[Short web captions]
┌──

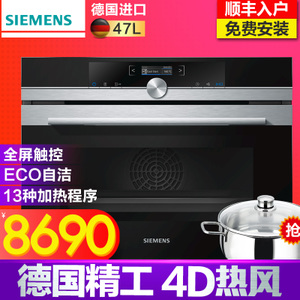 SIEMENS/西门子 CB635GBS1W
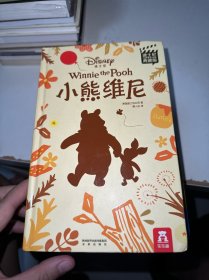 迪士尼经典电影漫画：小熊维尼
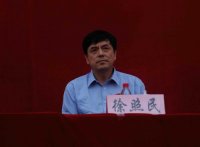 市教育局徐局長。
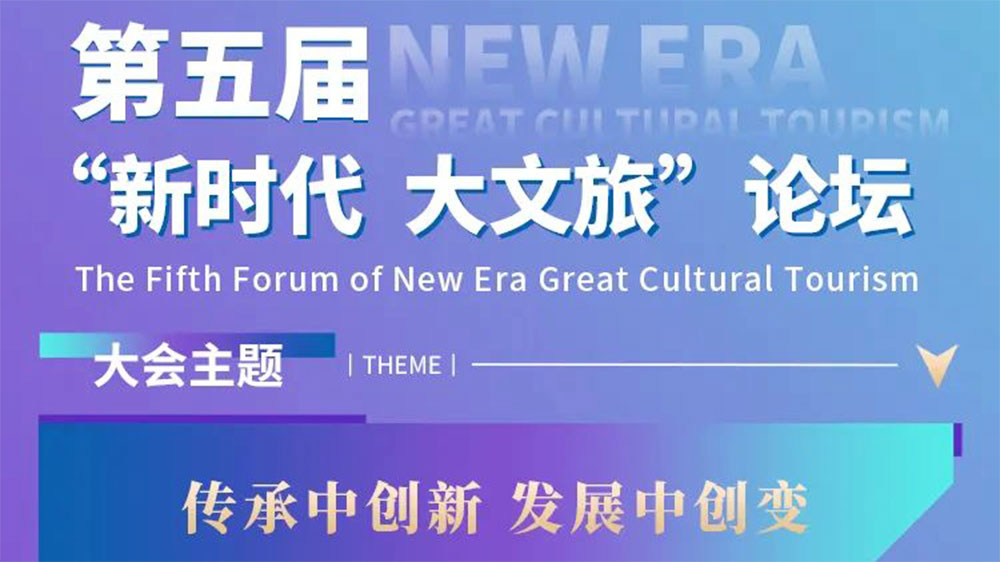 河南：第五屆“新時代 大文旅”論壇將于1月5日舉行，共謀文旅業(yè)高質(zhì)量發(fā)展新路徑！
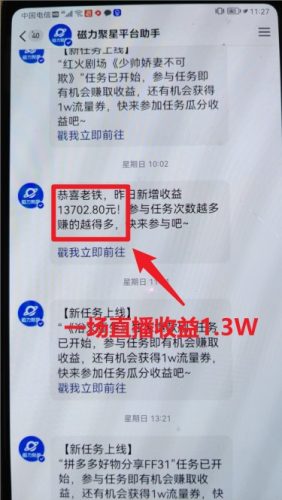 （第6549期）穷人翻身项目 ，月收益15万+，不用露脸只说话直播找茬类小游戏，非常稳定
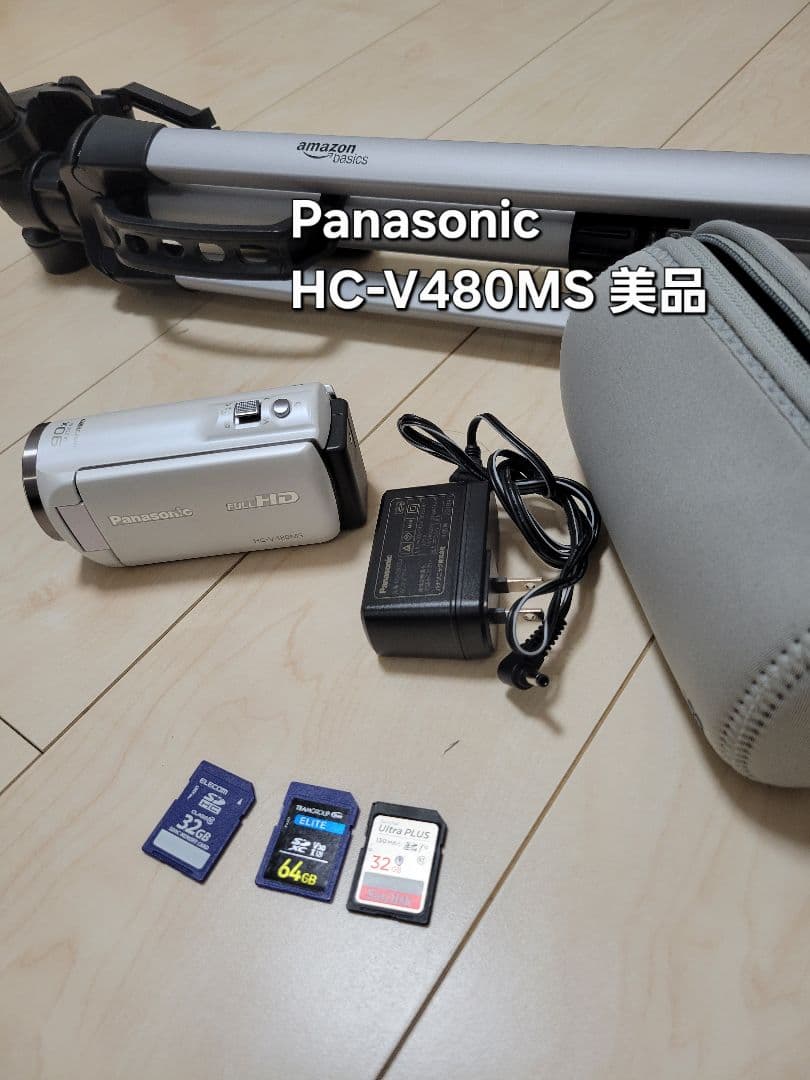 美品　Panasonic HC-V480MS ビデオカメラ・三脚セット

└──

Copy the data precisely. Skip every picture.

 SIEMENS/西门子 CB635GBS1W
 迪士尼经典电影漫画：小熊维尼
 市教育局徐局長。
 河南：第五屆“新時代 大文旅”論壇將于1月5日舉行，共謀文旅業(yè)高質(zhì)量發(fā)展新路徑！
 （第6549期）穷人翻身项目 ，月收益15万+，不用露脸只说话直播找茬类小游戏，非常稳定
 美品　Panasonic HC-V480MS ビデオカメラ・三脚セット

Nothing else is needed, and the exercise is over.